- _WORK TO BE COMPLETED_
Reproduce, word for word, the lines in the material below starting with the one that has "9024 Apache Blvd #A — Photo 7" and going on through the one that has "Josep-Maria-Bartomeu". Leave out all pictures.

━━━━━━━━━━━━━━━━

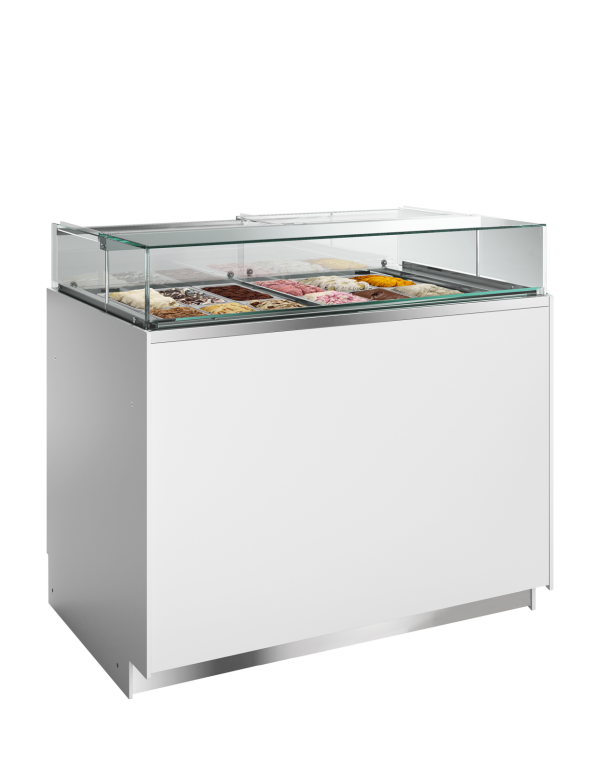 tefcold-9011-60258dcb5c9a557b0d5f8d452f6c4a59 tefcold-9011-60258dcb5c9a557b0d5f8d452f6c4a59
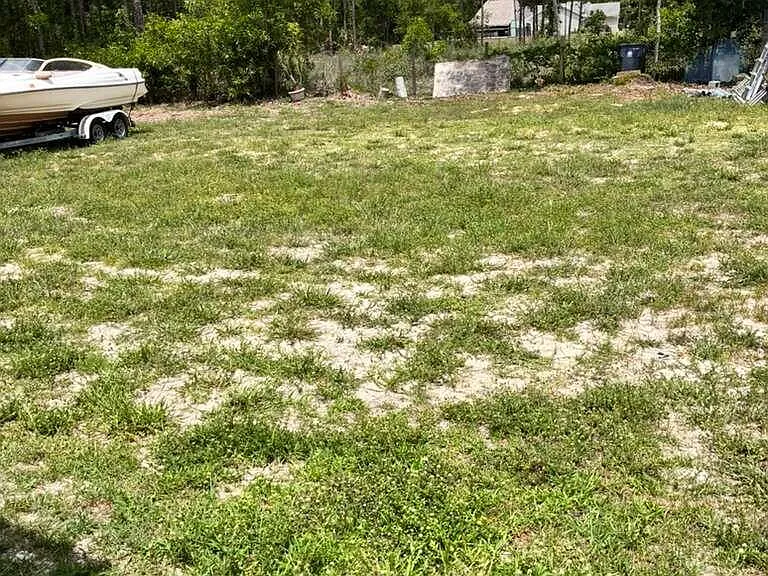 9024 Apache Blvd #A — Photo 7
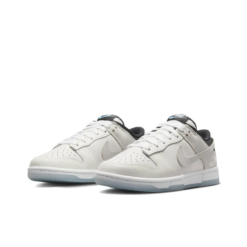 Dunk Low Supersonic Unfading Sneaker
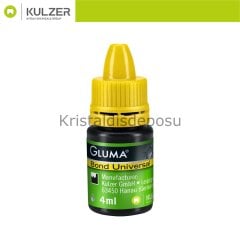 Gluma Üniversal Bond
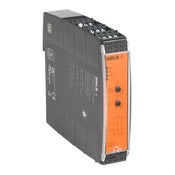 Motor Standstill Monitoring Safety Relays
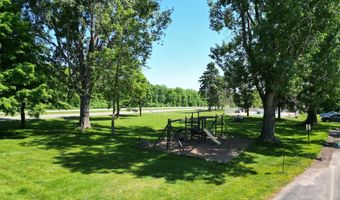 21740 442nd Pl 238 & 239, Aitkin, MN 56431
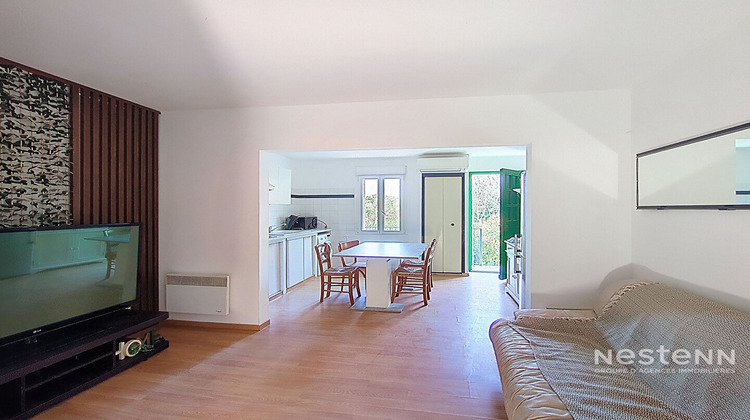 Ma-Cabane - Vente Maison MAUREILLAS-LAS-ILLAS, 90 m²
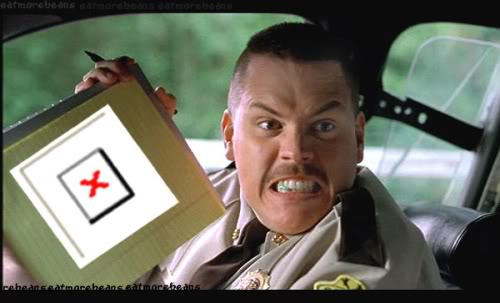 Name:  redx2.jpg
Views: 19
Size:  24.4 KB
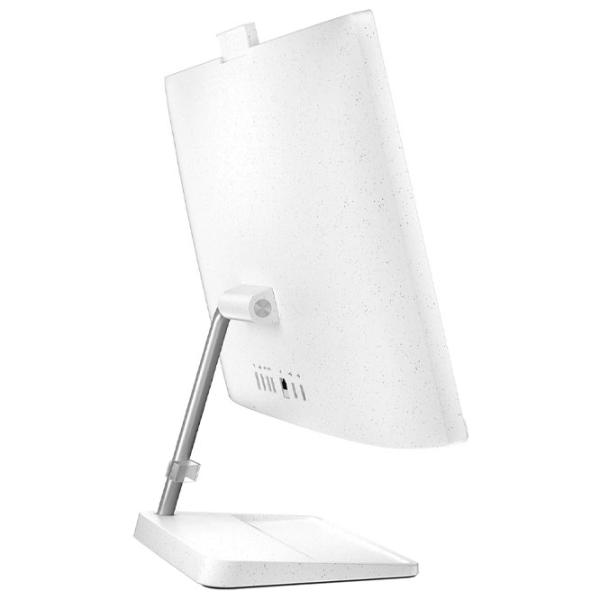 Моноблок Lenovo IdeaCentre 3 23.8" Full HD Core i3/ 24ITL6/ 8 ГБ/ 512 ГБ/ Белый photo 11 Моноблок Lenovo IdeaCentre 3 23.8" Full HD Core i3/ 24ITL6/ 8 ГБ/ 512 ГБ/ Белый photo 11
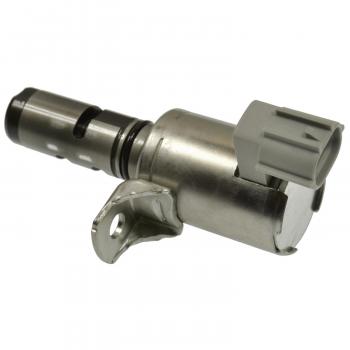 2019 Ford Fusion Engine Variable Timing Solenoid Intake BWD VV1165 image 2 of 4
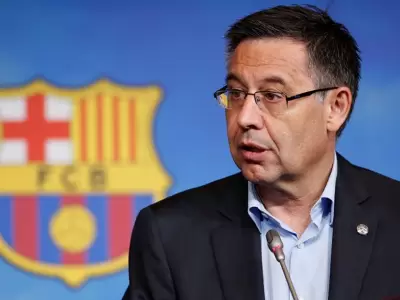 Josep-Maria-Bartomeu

━━━━━━━━━━━━━━━━

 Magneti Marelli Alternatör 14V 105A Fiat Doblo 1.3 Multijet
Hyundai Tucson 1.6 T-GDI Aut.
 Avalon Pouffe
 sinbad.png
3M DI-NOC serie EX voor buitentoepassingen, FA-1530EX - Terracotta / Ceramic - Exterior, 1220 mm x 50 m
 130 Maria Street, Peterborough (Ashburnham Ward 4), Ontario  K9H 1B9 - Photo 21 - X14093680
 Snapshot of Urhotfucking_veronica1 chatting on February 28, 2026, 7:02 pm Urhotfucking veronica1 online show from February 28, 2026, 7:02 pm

━━━━━━━━━━━━━━━━

- _RESULT OF THIS TASK_
 9024 Apache Blvd #A — Photo 7
 Dunk Low Supersonic Unfading Sneaker
 Gluma Üniversal Bond
 Motor Standstill Monitoring Safety Relays
 21740 442nd Pl 238 & 239, Aitkin, MN 56431
 Ma-Cabane - Vente Maison MAUREILLAS-LAS-ILLAS, 90 m²
 Name:  redx2.jpg
Views: 19
Size:  24.4 KB
 Моноблок Lenovo IdeaCentre 3 23.8" Full HD Core i3/ 24ITL6/ 8 ГБ/ 512 ГБ/ Белый photo 11 Моноблок Lenovo IdeaCentre 3 23.8" Full HD Core i3/ 24ITL6/ 8 ГБ/ 512 ГБ/ Белый photo 11
 2019 Ford Fusion Engine Variable Timing Solenoid Intake BWD VV1165 image 2 of 4
 Josep-Maria-Bartomeu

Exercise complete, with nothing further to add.